Copy all of the data below without altering a single line.

= = = = =

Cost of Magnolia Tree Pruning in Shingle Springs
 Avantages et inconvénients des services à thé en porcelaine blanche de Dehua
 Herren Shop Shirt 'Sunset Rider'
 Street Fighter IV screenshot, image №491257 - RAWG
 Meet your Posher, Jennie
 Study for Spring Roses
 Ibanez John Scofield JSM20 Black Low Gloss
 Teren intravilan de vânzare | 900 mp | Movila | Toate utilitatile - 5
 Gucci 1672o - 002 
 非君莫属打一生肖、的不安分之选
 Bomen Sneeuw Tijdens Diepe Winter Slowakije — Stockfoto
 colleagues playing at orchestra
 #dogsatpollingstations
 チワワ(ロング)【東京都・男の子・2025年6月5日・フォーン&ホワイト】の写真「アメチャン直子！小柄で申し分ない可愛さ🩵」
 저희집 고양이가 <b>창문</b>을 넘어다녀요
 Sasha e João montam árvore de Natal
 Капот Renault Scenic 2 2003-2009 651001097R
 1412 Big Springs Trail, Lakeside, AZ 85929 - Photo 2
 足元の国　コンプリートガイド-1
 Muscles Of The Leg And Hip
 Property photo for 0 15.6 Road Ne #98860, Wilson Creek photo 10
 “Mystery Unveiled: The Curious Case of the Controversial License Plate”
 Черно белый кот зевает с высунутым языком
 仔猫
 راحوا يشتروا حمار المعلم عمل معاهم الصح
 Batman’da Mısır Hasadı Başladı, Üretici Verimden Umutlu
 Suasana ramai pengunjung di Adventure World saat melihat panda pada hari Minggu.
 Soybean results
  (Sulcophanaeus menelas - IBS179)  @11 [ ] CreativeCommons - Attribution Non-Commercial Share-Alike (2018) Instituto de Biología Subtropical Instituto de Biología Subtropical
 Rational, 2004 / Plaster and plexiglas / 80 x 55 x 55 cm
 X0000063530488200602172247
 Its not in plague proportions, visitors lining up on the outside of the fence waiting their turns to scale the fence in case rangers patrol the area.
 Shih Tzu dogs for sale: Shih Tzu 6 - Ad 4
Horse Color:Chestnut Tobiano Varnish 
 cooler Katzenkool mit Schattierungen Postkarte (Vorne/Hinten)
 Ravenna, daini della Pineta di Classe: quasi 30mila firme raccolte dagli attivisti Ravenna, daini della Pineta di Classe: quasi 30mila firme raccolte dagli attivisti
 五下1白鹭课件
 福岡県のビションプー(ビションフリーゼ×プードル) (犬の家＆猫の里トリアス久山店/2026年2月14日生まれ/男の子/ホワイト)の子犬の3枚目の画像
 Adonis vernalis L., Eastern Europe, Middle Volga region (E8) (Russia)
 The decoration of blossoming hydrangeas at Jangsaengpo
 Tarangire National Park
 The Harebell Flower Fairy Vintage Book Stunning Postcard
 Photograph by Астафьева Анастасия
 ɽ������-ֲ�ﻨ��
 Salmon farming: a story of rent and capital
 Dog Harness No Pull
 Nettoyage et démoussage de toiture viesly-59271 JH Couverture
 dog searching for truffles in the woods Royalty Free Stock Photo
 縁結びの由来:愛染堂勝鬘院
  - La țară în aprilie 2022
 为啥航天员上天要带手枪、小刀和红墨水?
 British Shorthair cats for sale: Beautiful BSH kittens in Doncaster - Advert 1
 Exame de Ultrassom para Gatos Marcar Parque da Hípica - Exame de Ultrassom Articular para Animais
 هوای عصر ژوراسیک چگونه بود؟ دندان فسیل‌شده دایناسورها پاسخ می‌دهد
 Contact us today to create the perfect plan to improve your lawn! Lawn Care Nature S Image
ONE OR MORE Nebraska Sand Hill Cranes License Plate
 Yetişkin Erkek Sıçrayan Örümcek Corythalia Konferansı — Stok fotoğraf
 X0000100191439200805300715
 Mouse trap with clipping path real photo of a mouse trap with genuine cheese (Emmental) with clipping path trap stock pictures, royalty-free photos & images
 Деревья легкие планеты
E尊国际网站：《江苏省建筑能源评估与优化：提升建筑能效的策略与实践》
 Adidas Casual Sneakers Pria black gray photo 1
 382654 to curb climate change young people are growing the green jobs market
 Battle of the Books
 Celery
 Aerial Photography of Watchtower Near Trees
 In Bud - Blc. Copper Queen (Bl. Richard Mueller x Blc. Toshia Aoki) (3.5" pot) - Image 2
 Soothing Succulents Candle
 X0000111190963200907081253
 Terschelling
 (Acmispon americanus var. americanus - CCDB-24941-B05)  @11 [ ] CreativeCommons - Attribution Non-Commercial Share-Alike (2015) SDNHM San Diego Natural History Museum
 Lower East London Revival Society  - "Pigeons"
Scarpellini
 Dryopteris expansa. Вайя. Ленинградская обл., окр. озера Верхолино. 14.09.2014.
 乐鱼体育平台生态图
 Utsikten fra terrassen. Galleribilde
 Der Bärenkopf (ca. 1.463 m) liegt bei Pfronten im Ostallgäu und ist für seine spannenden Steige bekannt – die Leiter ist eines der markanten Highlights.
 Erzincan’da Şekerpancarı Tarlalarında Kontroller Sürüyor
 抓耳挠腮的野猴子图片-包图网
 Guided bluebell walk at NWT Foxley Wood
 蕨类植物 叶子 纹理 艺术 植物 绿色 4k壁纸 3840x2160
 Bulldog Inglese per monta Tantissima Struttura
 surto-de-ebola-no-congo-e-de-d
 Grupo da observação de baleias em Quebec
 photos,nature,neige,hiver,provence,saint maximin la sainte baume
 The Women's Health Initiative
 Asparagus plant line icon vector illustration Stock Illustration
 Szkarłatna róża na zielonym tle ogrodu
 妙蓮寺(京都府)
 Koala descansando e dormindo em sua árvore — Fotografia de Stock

= = = = =

# SOLUTION FOR THIS TASK:
Cost of Magnolia Tree Pruning in Shingle Springs
 Avantages et inconvénients des services à thé en porcelaine blanche de Dehua
 Herren Shop Shirt 'Sunset Rider'
 Street Fighter IV screenshot, image №491257 - RAWG
 Meet your Posher, Jennie
 Study for Spring Roses
 Ibanez John Scofield JSM20 Black Low Gloss
 Teren intravilan de vânzare | 900 mp | Movila | Toate utilitatile - 5
 Gucci 1672o - 002 
 非君莫属打一生肖、的不安分之选
 Bomen Sneeuw Tijdens Diepe Winter Slowakije — Stockfoto
 colleagues playing at orchestra
 #dogsatpollingstations
 チワワ(ロング)【東京都・男の子・2025年6月5日・フォーン&ホワイト】の写真「アメチャン直子！小柄で申し分ない可愛さ🩵」
 저희집 고양이가 <b>창문</b>을 넘어다녀요
 Sasha e João montam árvore de Natal
 Капот Renault Scenic 2 2003-2009 651001097R
 1412 Big Springs Trail, Lakeside, AZ 85929 - Photo 2
 足元の国　コンプリートガイド-1
 Muscles Of The Leg And Hip
 Property photo for 0 15.6 Road Ne #98860, Wilson Creek photo 10
 “Mystery Unveiled: The Curious Case of the Controversial License Plate”
 Черно белый кот зевает с высунутым языком
 仔猫
 راحوا يشتروا حمار المعلم عمل معاهم الصح
 Batman’da Mısır Hasadı Başladı, Üretici Verimden Umutlu
 Suasana ramai pengunjung di Adventure World saat melihat panda pada hari Minggu.
 Soybean results
  (Sulcophanaeus menelas - IBS179)  @11 [ ] CreativeCommons - Attribution Non-Commercial Share-Alike (2018) Instituto de Biología Subtropical Instituto de Biología Subtropical
 Rational, 2004 / Plaster and plexiglas / 80 x 55 x 55 cm
 X0000063530488200602172247
 Its not in plague proportions, visitors lining up on the outside of the fence waiting their turns to scale the fence in case rangers patrol the area.
 Shih Tzu dogs for sale: Shih Tzu 6 - Ad 4
Horse Color:Chestnut Tobiano Varnish 
 cooler Katzenkool mit Schattierungen Postkarte (Vorne/Hinten)
 Ravenna, daini della Pineta di Classe: quasi 30mila firme raccolte dagli attivisti Ravenna, daini della Pineta di Classe: quasi 30mila firme raccolte dagli attivisti
 五下1白鹭课件
 福岡県のビションプー(ビションフリーゼ×プードル) (犬の家＆猫の里トリアス久山店/2026年2月14日生まれ/男の子/ホワイト)の子犬の3枚目の画像
 Adonis vernalis L., Eastern Europe, Middle Volga region (E8) (Russia)
 The decoration of blossoming hydrangeas at Jangsaengpo
 Tarangire National Park
 The Harebell Flower Fairy Vintage Book Stunning Postcard
 Photograph by Астафьева Анастасия
 ɽ������-ֲ�ﻨ��
 Salmon farming: a story of rent and capital
 Dog Harness No Pull
 Nettoyage et démoussage de toiture viesly-59271 JH Couverture
 dog searching for truffles in the woods Royalty Free Stock Photo
 縁結びの由来:愛染堂勝鬘院
  - La țară în aprilie 2022
 为啥航天员上天要带手枪、小刀和红墨水?
 British Shorthair cats for sale: Beautiful BSH kittens in Doncaster - Advert 1
 Exame de Ultrassom para Gatos Marcar Parque da Hípica - Exame de Ultrassom Articular para Animais
 هوای عصر ژوراسیک چگونه بود؟ دندان فسیل‌شده دایناسورها پاسخ می‌دهد
 Contact us today to create the perfect plan to improve your lawn! Lawn Care Nature S Image
ONE OR MORE Nebraska Sand Hill Cranes License Plate
 Yetişkin Erkek Sıçrayan Örümcek Corythalia Konferansı — Stok fotoğraf
 X0000100191439200805300715
 Mouse trap with clipping path real photo of a mouse trap with genuine cheese (Emmental) with clipping path trap stock pictures, royalty-free photos & images
 Деревья легкие планеты
E尊国际网站：《江苏省建筑能源评估与优化：提升建筑能效的策略与实践》
 Adidas Casual Sneakers Pria black gray photo 1
 382654 to curb climate change young people are growing the green jobs market
 Battle of the Books
 Celery
 Aerial Photography of Watchtower Near Trees
 In Bud - Blc. Copper Queen (Bl. Richard Mueller x Blc. Toshia Aoki) (3.5" pot) - Image 2
 Soothing Succulents Candle
 X0000111190963200907081253
 Terschelling
 (Acmispon americanus var. americanus - CCDB-24941-B05)  @11 [ ] CreativeCommons - Attribution Non-Commercial Share-Alike (2015) SDNHM San Diego Natural History Museum
 Lower East London Revival Society  - "Pigeons"
Scarpellini
 Dryopteris expansa. Вайя. Ленинградская обл., окр. озера Верхолино. 14.09.2014.
 乐鱼体育平台生态图
 Utsikten fra terrassen. Galleribilde
 Der Bärenkopf (ca. 1.463 m) liegt bei Pfronten im Ostallgäu und ist für seine spannenden Steige bekannt – die Leiter ist eines der markanten Highlights.
 Erzincan’da Şekerpancarı Tarlalarında Kontroller Sürüyor
 抓耳挠腮的野猴子图片-包图网
 Guided bluebell walk at NWT Foxley Wood
 蕨类植物 叶子 纹理 艺术 植物 绿色 4k壁纸 3840x2160
 Bulldog Inglese per monta Tantissima Struttura
 surto-de-ebola-no-congo-e-de-d
 Grupo da observação de baleias em Quebec
 photos,nature,neige,hiver,provence,saint maximin la sainte baume
 The Women's Health Initiative
 Asparagus plant line icon vector illustration Stock Illustration
 Szkarłatna róża na zielonym tle ogrodu
 妙蓮寺(京都府)
 Koala descansando e dormindo em sua árvore — Fotografia de Stock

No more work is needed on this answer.